Oh..man this thread reminds of the good ol' bandaid on the nose with blood dripping from the same. Yeah make sure you are square and your stance is correct. Overdraw and leaning into your anchor will cause it. Did I mention brass nocks are murder on your nose? You may getting too far "inside" the bow and attempting to get your eye over the arrow. Make sure your bow arm shoulder is pointing at the target.


----------



## j.conner (Nov 12, 2009)

Use a deep hook, trim the tab to fit, turn head more to target, open stance a bit, and don't tilt head.

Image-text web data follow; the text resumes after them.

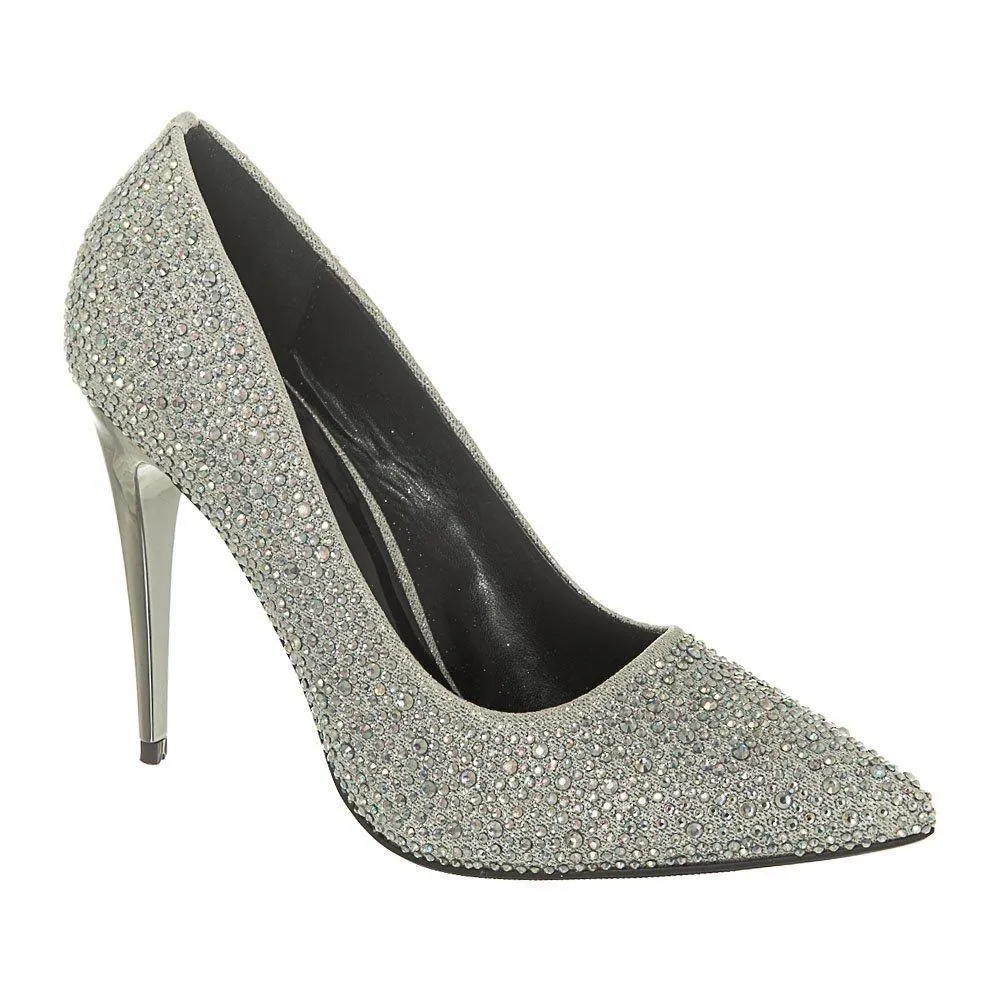 High Metallic Stiletto Heel Court Shoe Embellished With Stones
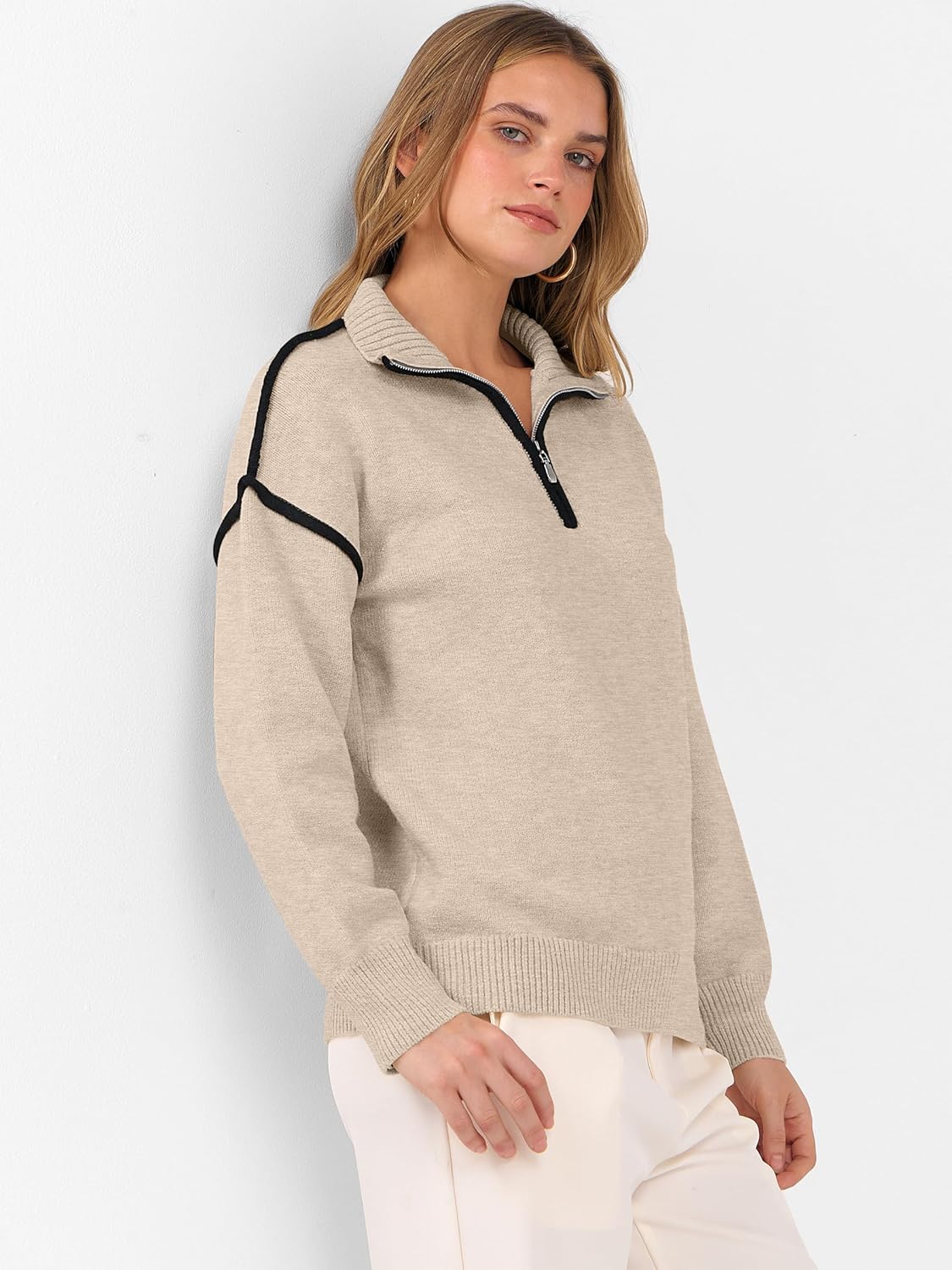 ANRABESS Womens Quarter Zip Sweaters Fall Long Sleeve V Neck Shirts Collared Business Casual Tops Knit Pullover Sweatshirts - Image 7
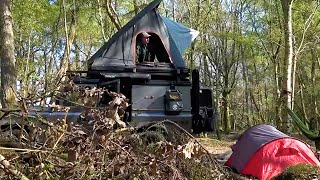 Rooftop Tent Woodland Camping Landrover Defender Camper [upl. by Avrit]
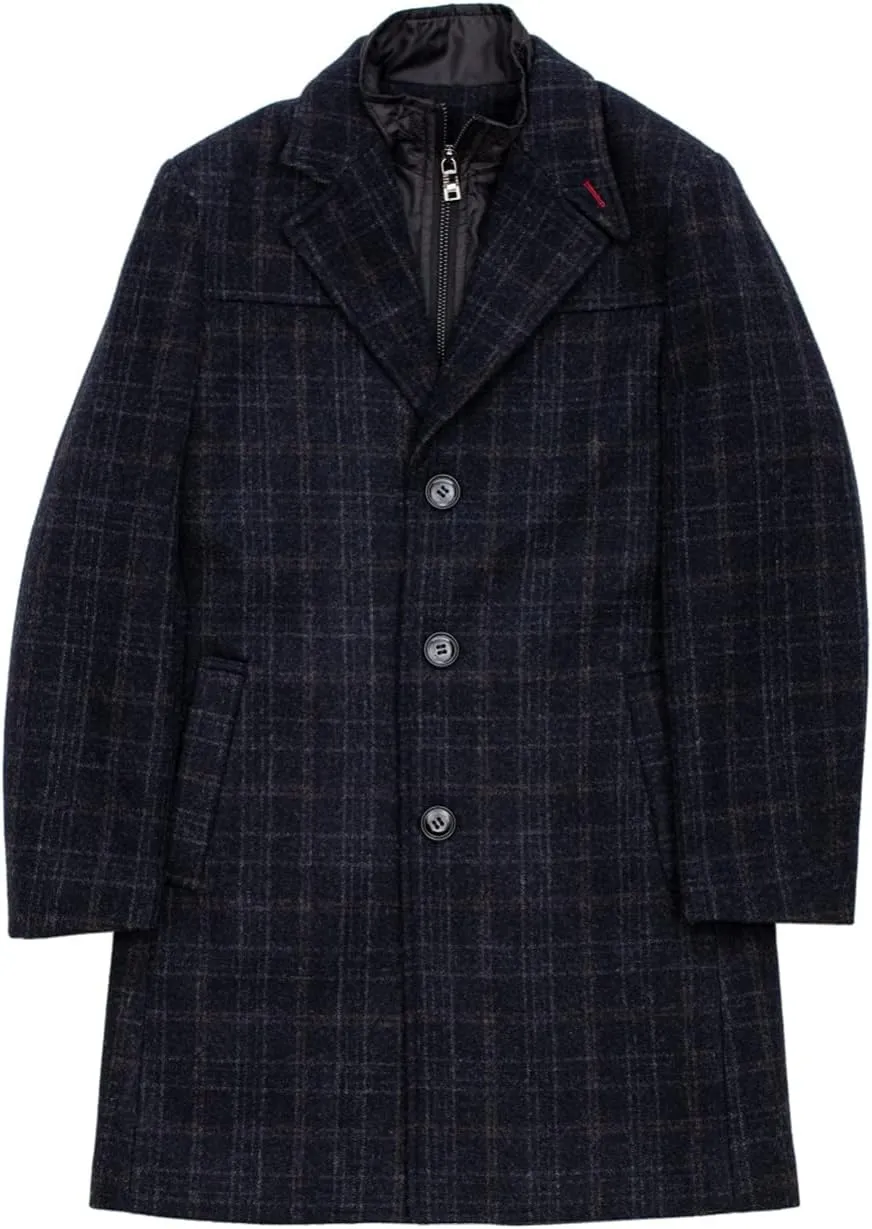 Isaac Mizrahi Boy's 2-20 Single Breasted Quilt Lined Wool-Blend Overcoat with Bib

I find the leather can slap my face upon release if I do not trim it.


----------



## xxxJakkxxx (Apr 17, 2014)

In my switch from glove to tab I noticed I would not the tip of my nose almost every shot. I drew my bow while standing next to a mirror and noticed my head was not turned completely. I realized turning my head so that it's square to the target was very difficult and a little uncomfortable. For some reason my neck had a lesser range of motion to the left than the right. Since noticing, i did a bit of stretching and would consciously force my head to turn further and I rarely hit my nose. It's only now and then when I relax and don't stand square. I'm not sure why there's a difference in nose clearance from glove to tab but it let me know about a slight form flaw. Even if I go back to a glove, I'll hopefully have a bit better form from my tab.


----------